Third, theories which have accumulated a wealth of evidence, generally over a long period of time and by many examiners, have withstood Popper’s falsifiability test, perhaps many times over: they are the best approximators of real truth. In Bayesian terms, ideas with a long history of consistent messaging offer a reliable set of priors to understand and evaluate new evidence. This concept could be remembered, for example, when one is confronted by ideas that do not fit with established priors. Consider the example regarding the existence of “H” and “L” phenotypes of COVID-19-related acute respiratory distress syndrome (ARDS) [7]. Investigators hypothesized that there are two distinct COVID-19 ARDS phenotypes (with a spectrum in between) that mandate different approaches to mechanical ventilation. They suggested that not identifying the correct phenotype might lead to selection of the wrong ventilation approach and patient harm. These hypothetical phenotypes were not previously demonstrated to exist, but more importantly, the ventilation strategy proposed for “L”-type patients (i.e., use of high tidal volumes) contradicts decades of ARDS research, which has shown multiple benefits in favor of lower tidal volume ventilation [8]. This is not to say that the “H” vs “L” phenotype conjecture should not be subject to further testing—but rather, it is difficult to justify abandoning a robust set of priors when a single new concept challenges them. As Popper might argue, the preponderance of existing evidence on an idea should guide clinicians in deciding where to place their trust while awaiting the results of additional investigations.
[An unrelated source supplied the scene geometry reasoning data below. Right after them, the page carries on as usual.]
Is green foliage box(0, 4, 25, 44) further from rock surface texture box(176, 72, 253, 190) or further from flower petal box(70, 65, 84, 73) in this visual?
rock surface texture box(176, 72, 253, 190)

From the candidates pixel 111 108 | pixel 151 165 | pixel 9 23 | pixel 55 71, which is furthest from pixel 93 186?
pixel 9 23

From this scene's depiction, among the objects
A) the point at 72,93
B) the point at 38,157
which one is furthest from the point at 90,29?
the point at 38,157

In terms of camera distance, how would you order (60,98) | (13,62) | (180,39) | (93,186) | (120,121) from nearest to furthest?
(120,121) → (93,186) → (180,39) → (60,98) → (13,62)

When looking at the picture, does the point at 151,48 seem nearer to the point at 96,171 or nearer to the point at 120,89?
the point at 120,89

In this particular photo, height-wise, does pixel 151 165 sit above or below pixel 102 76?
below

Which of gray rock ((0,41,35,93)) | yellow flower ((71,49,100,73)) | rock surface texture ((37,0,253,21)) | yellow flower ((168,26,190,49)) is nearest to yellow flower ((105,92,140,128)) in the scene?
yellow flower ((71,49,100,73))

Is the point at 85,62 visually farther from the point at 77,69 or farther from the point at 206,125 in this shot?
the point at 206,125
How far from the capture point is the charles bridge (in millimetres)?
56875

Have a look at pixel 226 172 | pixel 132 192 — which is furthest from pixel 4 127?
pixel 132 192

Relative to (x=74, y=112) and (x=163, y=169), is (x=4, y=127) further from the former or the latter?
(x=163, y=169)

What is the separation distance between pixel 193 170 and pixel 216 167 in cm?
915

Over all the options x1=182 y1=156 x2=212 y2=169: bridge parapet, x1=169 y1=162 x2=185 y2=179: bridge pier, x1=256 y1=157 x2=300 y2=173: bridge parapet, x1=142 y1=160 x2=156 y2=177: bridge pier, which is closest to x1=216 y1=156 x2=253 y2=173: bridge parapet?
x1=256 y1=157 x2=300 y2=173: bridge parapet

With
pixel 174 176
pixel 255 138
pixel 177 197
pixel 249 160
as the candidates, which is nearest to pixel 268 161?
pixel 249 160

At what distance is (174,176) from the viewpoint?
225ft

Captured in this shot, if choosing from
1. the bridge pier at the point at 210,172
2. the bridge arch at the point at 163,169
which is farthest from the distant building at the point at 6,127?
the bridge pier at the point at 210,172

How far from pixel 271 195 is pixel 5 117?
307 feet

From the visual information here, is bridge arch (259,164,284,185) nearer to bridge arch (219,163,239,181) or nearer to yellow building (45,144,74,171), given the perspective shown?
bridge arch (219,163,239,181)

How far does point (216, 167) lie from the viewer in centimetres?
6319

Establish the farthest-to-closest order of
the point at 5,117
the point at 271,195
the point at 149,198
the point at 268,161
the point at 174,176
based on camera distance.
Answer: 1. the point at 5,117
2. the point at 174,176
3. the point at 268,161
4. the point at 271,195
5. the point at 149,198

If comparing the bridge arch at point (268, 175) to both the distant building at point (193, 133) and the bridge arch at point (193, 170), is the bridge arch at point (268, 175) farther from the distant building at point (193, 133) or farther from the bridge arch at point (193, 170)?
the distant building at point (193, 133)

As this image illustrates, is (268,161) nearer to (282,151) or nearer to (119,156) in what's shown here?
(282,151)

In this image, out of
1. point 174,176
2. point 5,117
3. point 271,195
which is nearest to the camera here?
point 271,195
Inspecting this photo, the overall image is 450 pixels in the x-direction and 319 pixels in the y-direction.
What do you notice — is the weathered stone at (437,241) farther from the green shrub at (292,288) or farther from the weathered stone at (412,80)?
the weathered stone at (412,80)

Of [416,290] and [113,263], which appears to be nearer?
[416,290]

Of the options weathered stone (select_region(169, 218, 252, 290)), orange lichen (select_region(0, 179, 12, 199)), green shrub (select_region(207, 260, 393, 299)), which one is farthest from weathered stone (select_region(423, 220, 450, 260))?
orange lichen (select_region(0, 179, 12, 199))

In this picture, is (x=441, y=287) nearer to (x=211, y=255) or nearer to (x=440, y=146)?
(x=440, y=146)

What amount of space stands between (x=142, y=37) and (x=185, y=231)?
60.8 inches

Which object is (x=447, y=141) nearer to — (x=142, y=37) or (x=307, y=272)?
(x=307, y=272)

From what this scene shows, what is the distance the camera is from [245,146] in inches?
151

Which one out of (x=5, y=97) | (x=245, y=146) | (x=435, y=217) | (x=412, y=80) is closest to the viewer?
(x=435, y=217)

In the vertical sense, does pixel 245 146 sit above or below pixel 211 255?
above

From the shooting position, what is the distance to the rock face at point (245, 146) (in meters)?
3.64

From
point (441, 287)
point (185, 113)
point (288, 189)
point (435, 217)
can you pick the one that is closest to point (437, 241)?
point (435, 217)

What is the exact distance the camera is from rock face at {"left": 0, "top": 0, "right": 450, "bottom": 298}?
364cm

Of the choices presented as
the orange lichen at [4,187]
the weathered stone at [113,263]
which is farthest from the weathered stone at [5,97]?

Popper applied the notion of falsifiability to distinguish between non-science and science. Clinicians might apply the same notion to understand and evaluate new ideas. This process entails three key considerations. First, conjectures should be seen as invitations to design further studies to evaluate them. While many conceptually interesting new conjectures move their fields in a novel direction, they often still require confirmation by high-quality studies, and their application to patient care might be premature (or even harmful) before such validation occurs. Second, for theories that have been apparently corroborated or falsified by high-quality tests, it is still worth asking: what did the tests actually show? Did they prove or disprove the entire theory, or only some aspect of it? This interpretation of data, formalized in the GRADE system of assessing certainty of evidence [2], should guide the application of research findings into the real world. Finally, when evaluating an idea for which there is existing knowledge, it is worth placing the idea in its available context. Ample time also provides ample opportunities for falsification. Ideas that have withstood Popper’s test are probably robust—and more likely to be “true” as compared to the “new truths” with which we are all nowadays regularly confronted.